A recent spate of "vertical acquisitions" has pundits wondering if corporate America is seeking counsel from the ghosts of Andrew Carnegie and Henry Ford. Whether it's PepsiCo buying the distributors of its products, or Oracle taking over Sun Microsystems to marry software and hardware, it's clear a number of America's largest businesses are betting against the specialize-and-outsource business model that fueled their growth for decades. Now companies are trying to bring all the stages of production under one roof, giving them control over materials, manufacturing and distribution. For his part, Larry Ellison, CEO of Oracle Corp., recently said his gamble can be seen as either "really brilliant, or we're idiots." Online business experts see merits in the strategy:
- It's All About Speed, said Roger Ehrenberg of Information Arbitrage. The former hedge fund manager said that in the past, "verticalization" led companies to sub-optimize by straying from their core competencies. But things have changed recently:
The world has flattened. Supply chains are global and fragmented. Information dissemination happens at lightening speed ... Specialization may, in fact, represent a short option position, as scarce resources can be parceled out by sharp suppliers to the highest bidder, while those with vertical control can respond and react in real-time to changes in the market."
- Stealth No More Chiming in on GM's difficulty with its parts supplier, Delphi, The Big Money's Matthew DeBord isn't convinced vertical integration ever went away. "Vertical integration, with its Paleolithic Ike Era associations, was supposed to have been killed off for the greater good of an advancing manufacturing model that sought to relentlessly rid itself of waste and please Wall Street ... My theory is that vertical integration has simply migrated, stealthily, to other industries. Apple, for example, is basically a very successful, modern-day vertically integrated enterprise."
- Recession Is the Cause, said Peter Galuszka. The veteran journalist believes that "with the downturn, companies no longer can rely on de-verticalization and outsourcing." In this environment, he said, suppliers and producers find themselves short of cash and credit, making it difficult to meet obligations. Galuszka points his readers to Boeing's Dreamliner troubles to illustrate his point. "Boeing has outsourced making parts for the plane through a highly complex and far-flun[g] global network of independent suppliers. These firms haven't made the mark. The Dreamliner has faced delay after delay."
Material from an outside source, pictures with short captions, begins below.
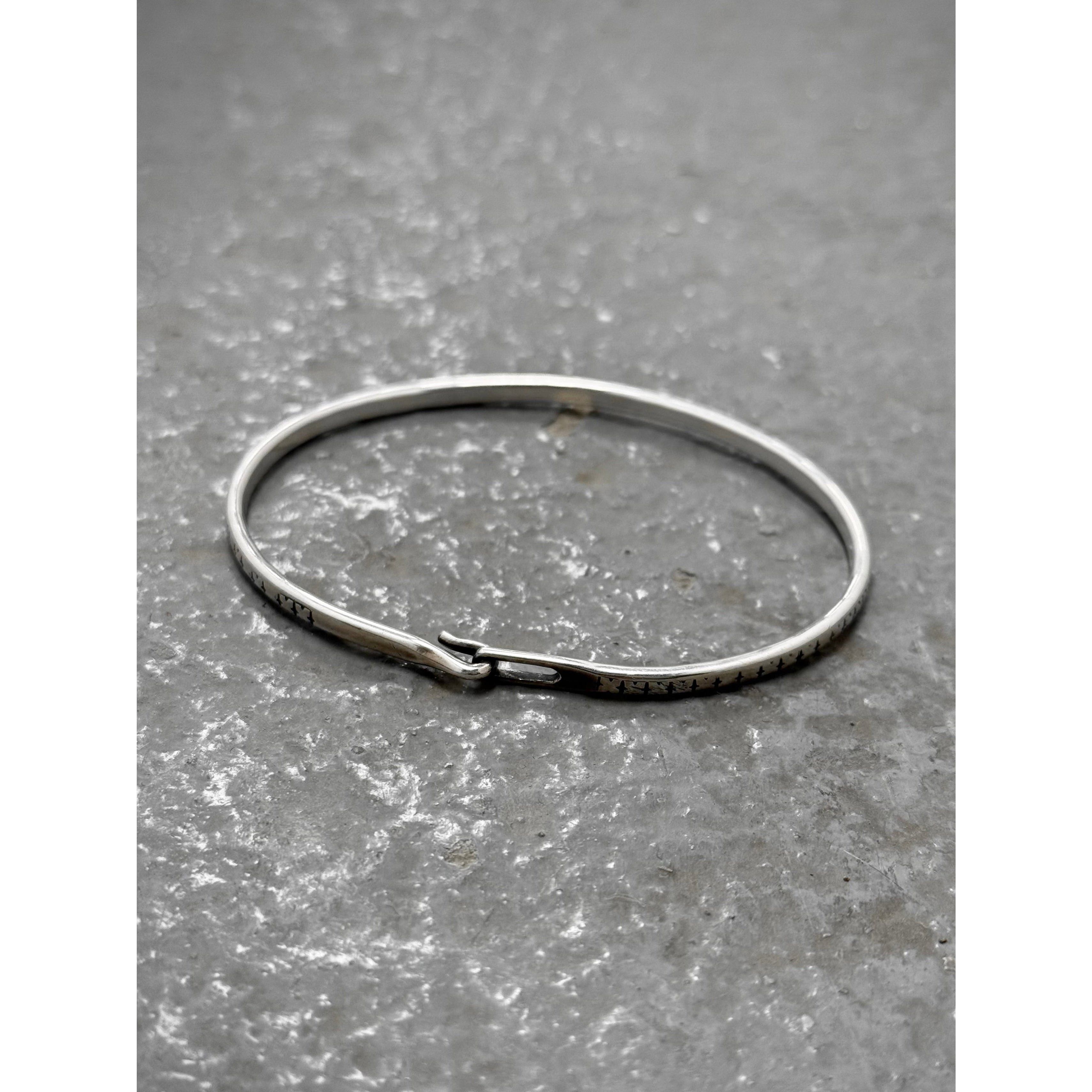 Werkstatt Munchen WERKSTATT:MÜNCHEN .925 Silver Cross Pattern Hook Bangle Size ONE SIZE - 3 Thumbnail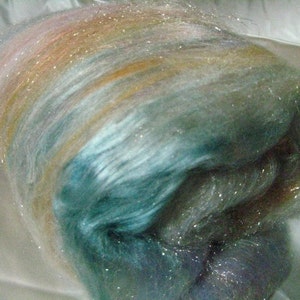 Seashells 4 oz merino / bamboo / tussah silk/ firestar / angelina image 3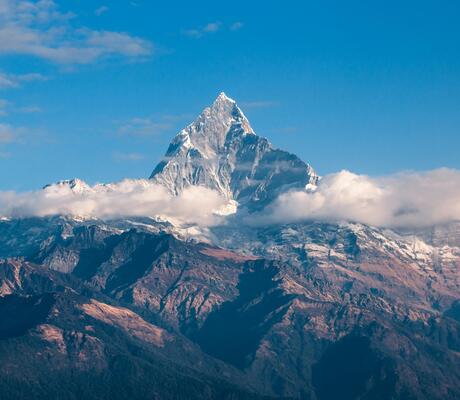 crédit Photo de Pixabay: https://www.pexels.com/fr-fr/photo/montagne-grise-et-brune-417173/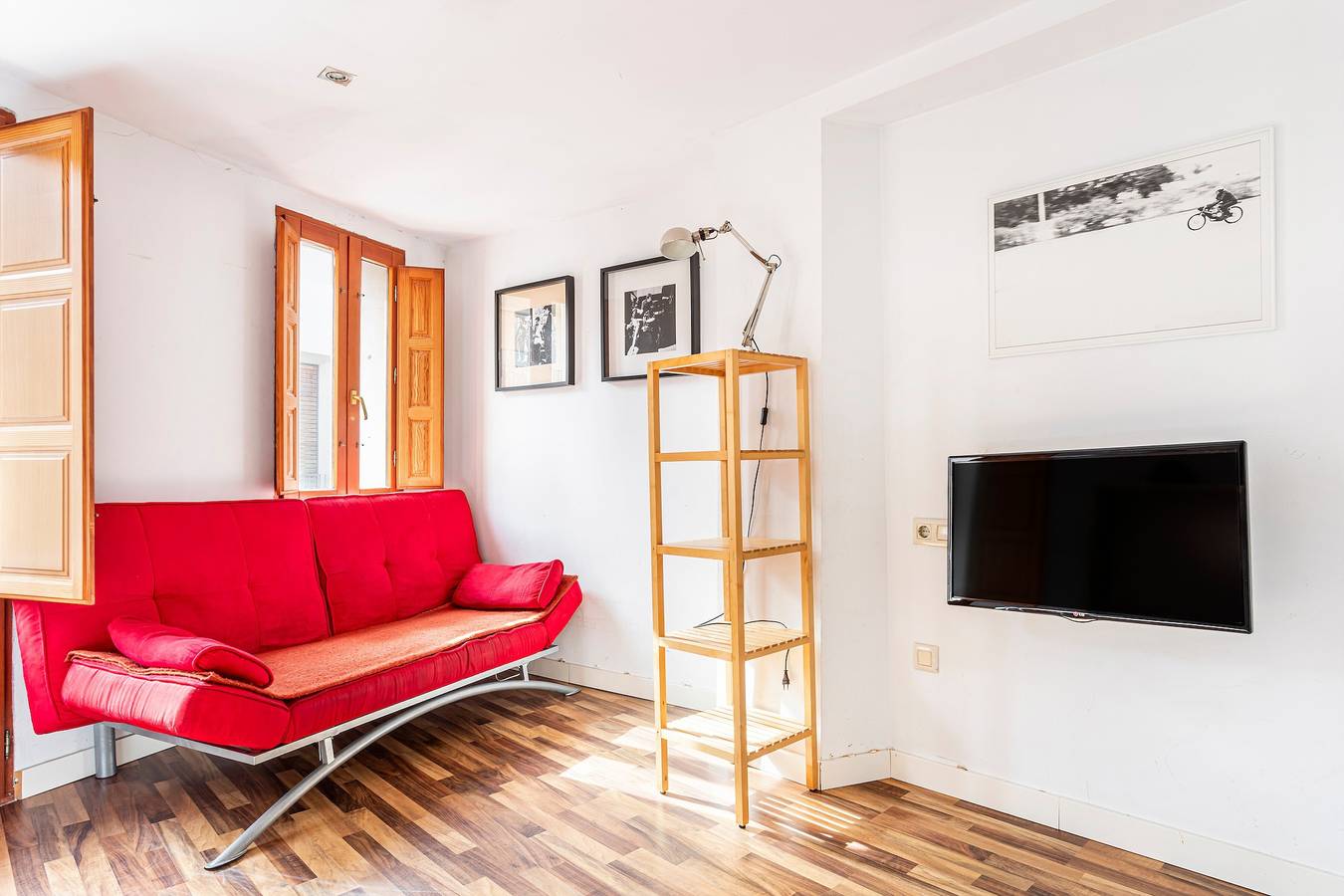 Ganzes Studio, Einzimmerapartment 'Loft 3er Piso' mit gemeinsamer Terrasse, Wlan und Klimaanlage in Valencia City Centre, Valencia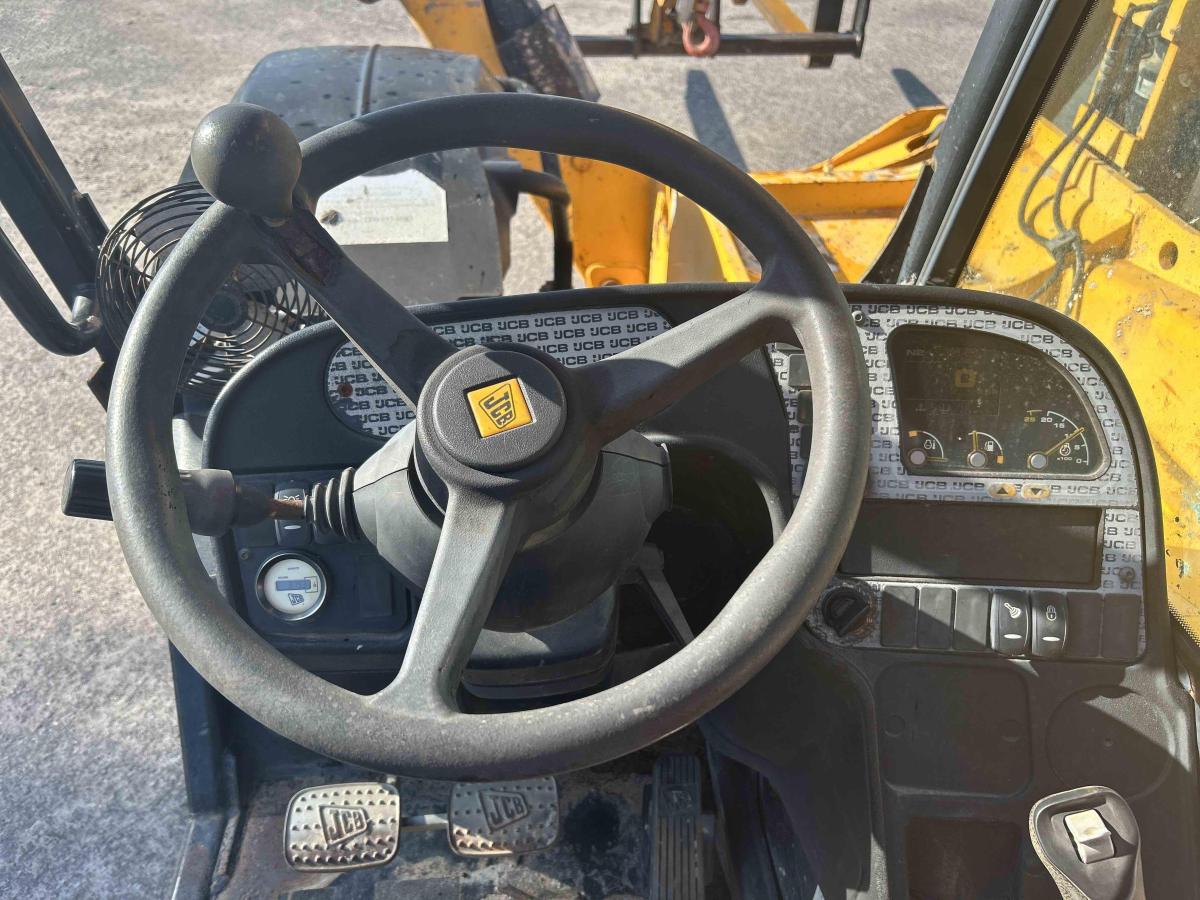 2017 JCB 510-56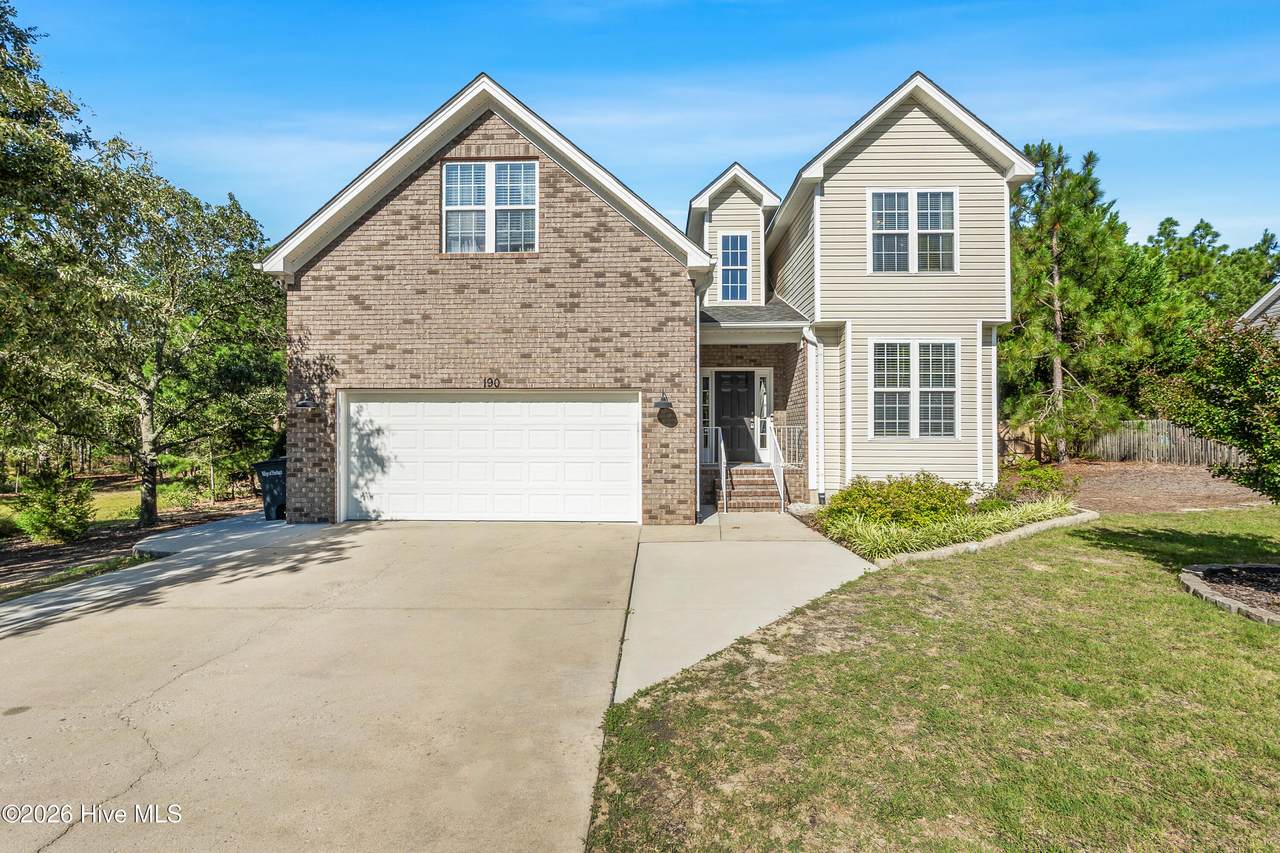190 Diamondhead Drive - Photo 1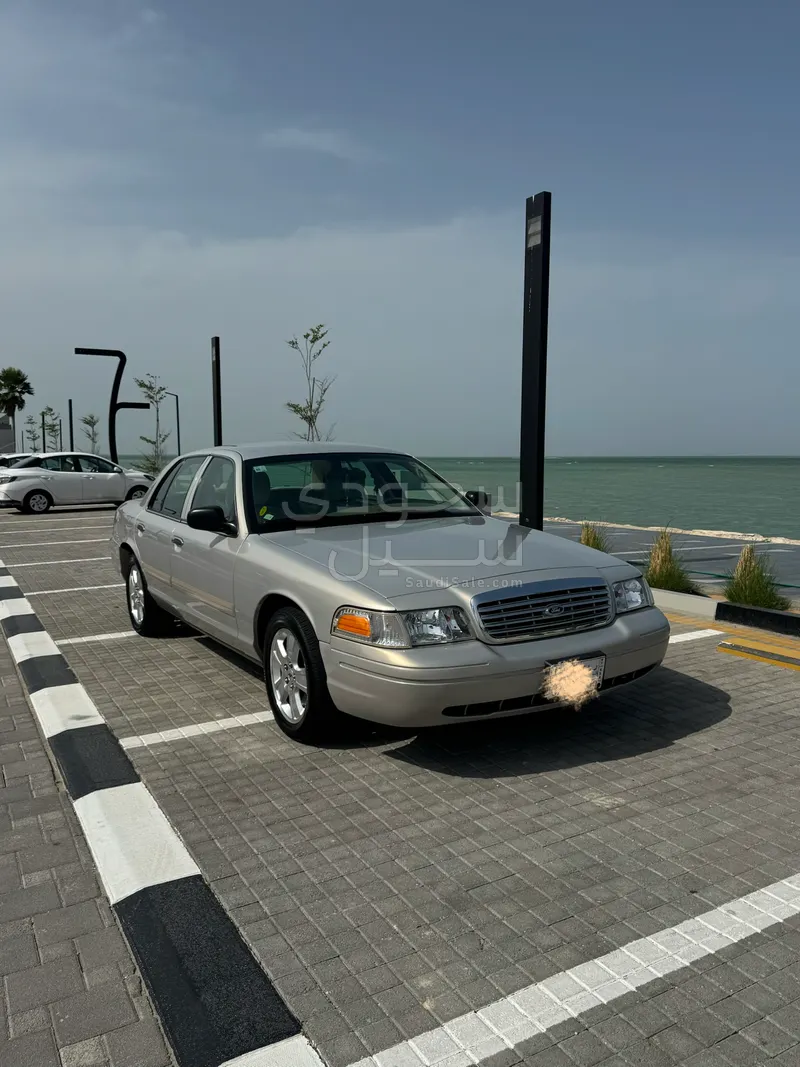 2011 فورد كراون فكتوريا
For all the optimism surrounding the "vertical" trend in business, The Economist offered the following text-book warning earlier this year:
Verticalization is a difficult strategy for companies to implement successfully. It is often expensive and hard to reverse. Upstream producers frequently integrate with downstream distributors to secure a market for their output. This is fine when times are good. But many firms have found themselves cutting prices sharply to their downstream distributors when demand has fallen just so they can maintain targeted levels of plant utilization.